Il ne faut pas être particulièrement visionnaire pour anticiper que l’année 2024 au niveau français sera « sportive ».
Paris 2024 va fortement irriguer l’espace informationnel avec son lot de controverses en amont sur l’impact pour le quotidien des franciliens notamment, sur le sport-business avec des polémiques inévitables sur les entreprises sponsors, sur les récupérations politiciennes de l’événement en écho avec les élections européennes du 9 juin 2024, etc.

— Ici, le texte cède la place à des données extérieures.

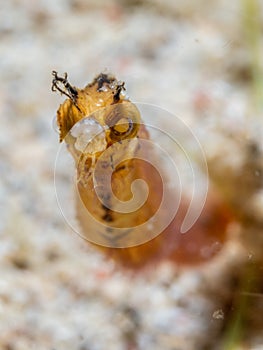 Shortpouch pygmy pipehorse, Acentronura tentaculata. Scuba diving in North Sulawesi, Indonesia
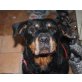 DAYA - Pflegestelle Wien, sanfte, freudliche Rottweiler - Hündin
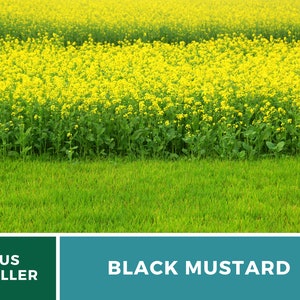 Op de afbeelding: Een veld met gele zwarte mosterd bloemen met groene bladeren. De bloemen staan in volle bloei en het veld is weelderig en groen. De tekst "US SELLER" en "BLACK MUSTARD" is zichtbaar onderaan de afbeelding.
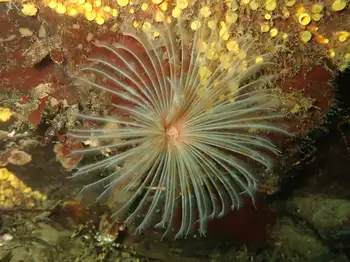 calcareous tube worm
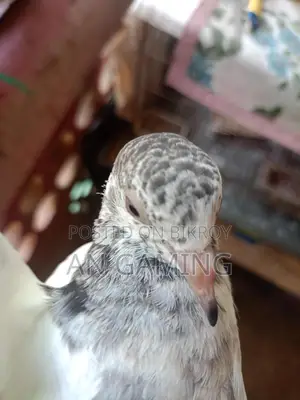 কবুতর বিক্রি টেডি
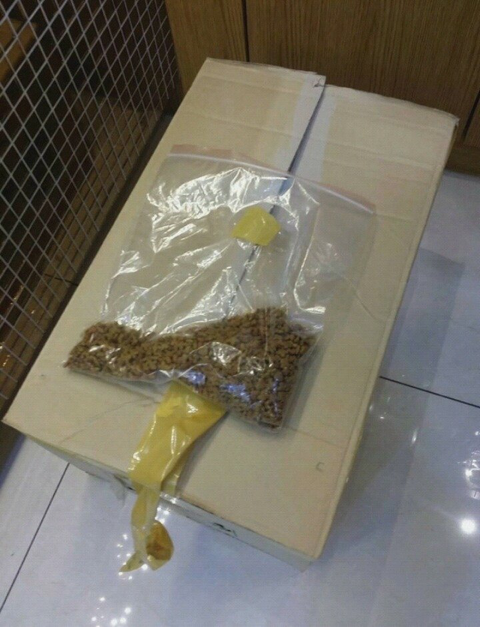 동물병원에 고양이를 보낸 초등학생 | 인스티즈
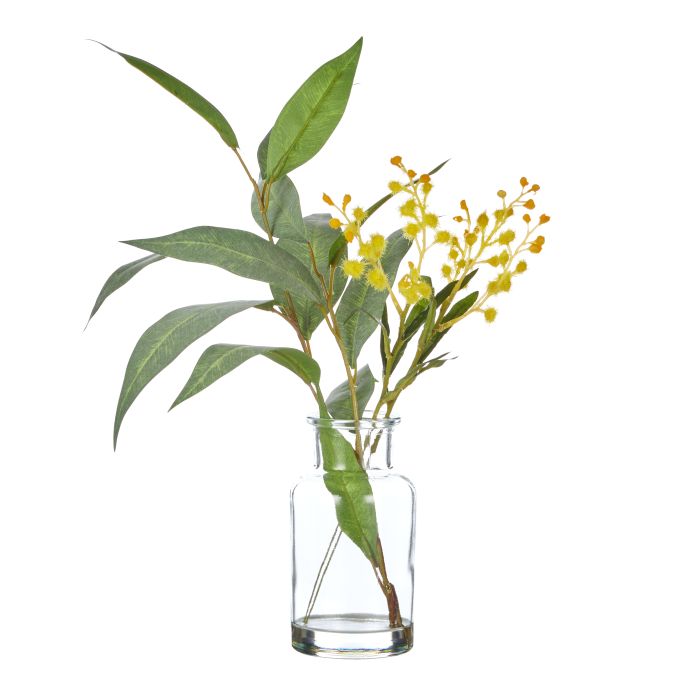 Rogue Eucalyptus Wattle Mix-Specimen Bottle 23x26x33cm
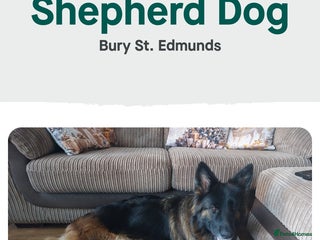 German Shepherd dogs Puppies - Advert 3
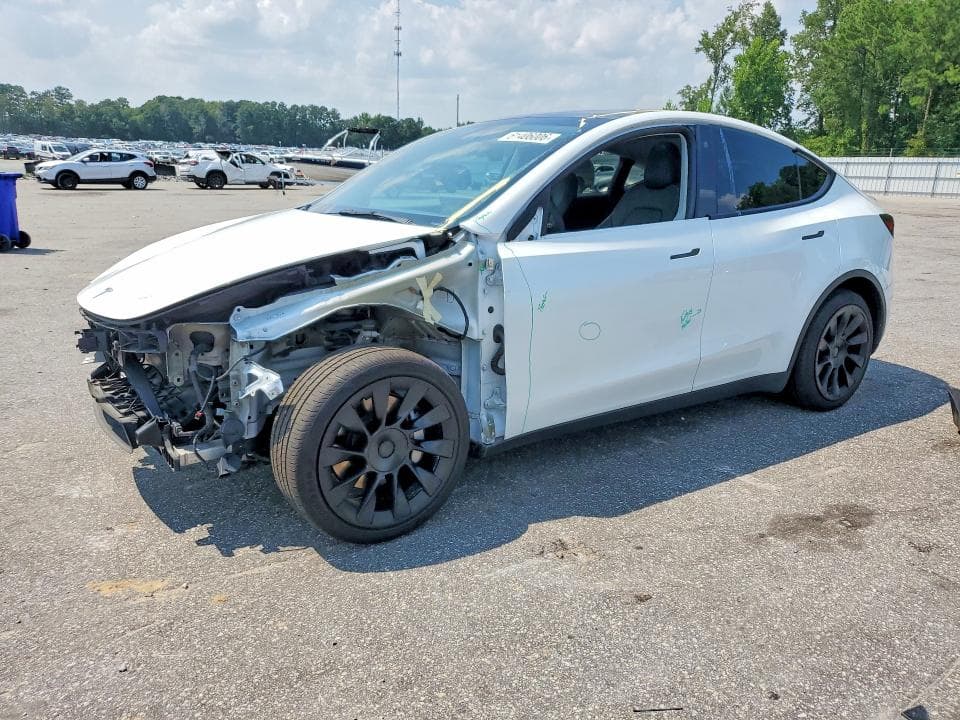 2021 TESLA MODEL Y - 1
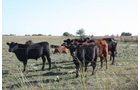 Property photo 58 - Land Auction - 480 Acres in 10 Tracts, Native Grassland, Tillable Cropland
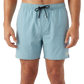 Solid Volley Boardshort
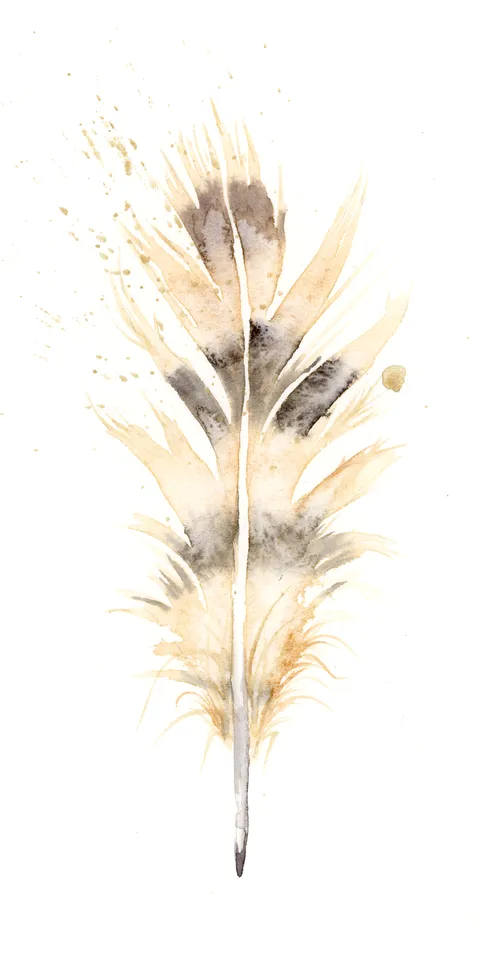 Image of a feather watercolor painting by Shayna Larsen, originals & prints available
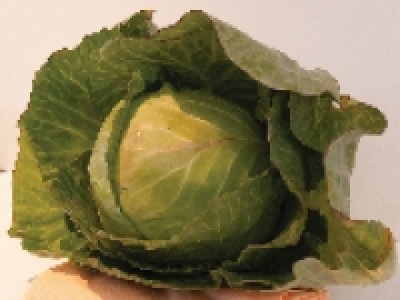 Round Head Cabbage 69.00 €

Puis, il y aura le temps des jeux avec très certainement un moment de communion et des demandes en hausse de télétravail.
Il sera difficile pour les entreprises de se tenir totalement à l’écart de cet événement mondial sous peine d’être perçues comme déconnectées des salariés et des clients.
La question sera ainsi de trouver, pour les entreprises non-sponsors, des leviers innovants pour montrer qu’elles sont parties prenantes de ce moment singulier.
Sur un plan plus corporate, les évolutions réglementaires autour des enjeux climat et plus largement ESG – notamment concernant le reporting – vont imposer de nouvelles formes de communication sur les sujets de soutenabilité et plus largement d’engagement des entreprises.
Les organisations de la société civile – ONG, syndicats, élus locaux – vont se positionner en évaluateurs des déclarations des entreprises.
Dès lors, on peut anticiper que des processus de dialogues, voire des rapprochements, en amont, entre entreprises et société civile vont se multiplier.
Les enjeux climatiques, environnementaux et sociaux sur lesquels les entreprises sont attendues, ouvrent des opportunités d’innovations dans la manière de gérer et de communiquer.
De nouvelles formes de gouvernance élargie de l’engagement des entreprises devraient émerger.
Toutefois, en France et plus largement en Europe, il faudra en 2024 être vigilant à une potentielle importation du débat particulièrement tendu aux États-Unis sur le sujet des investissements ESG en écho avec les élections qui auront lieu en novembre, outre-Atlantique.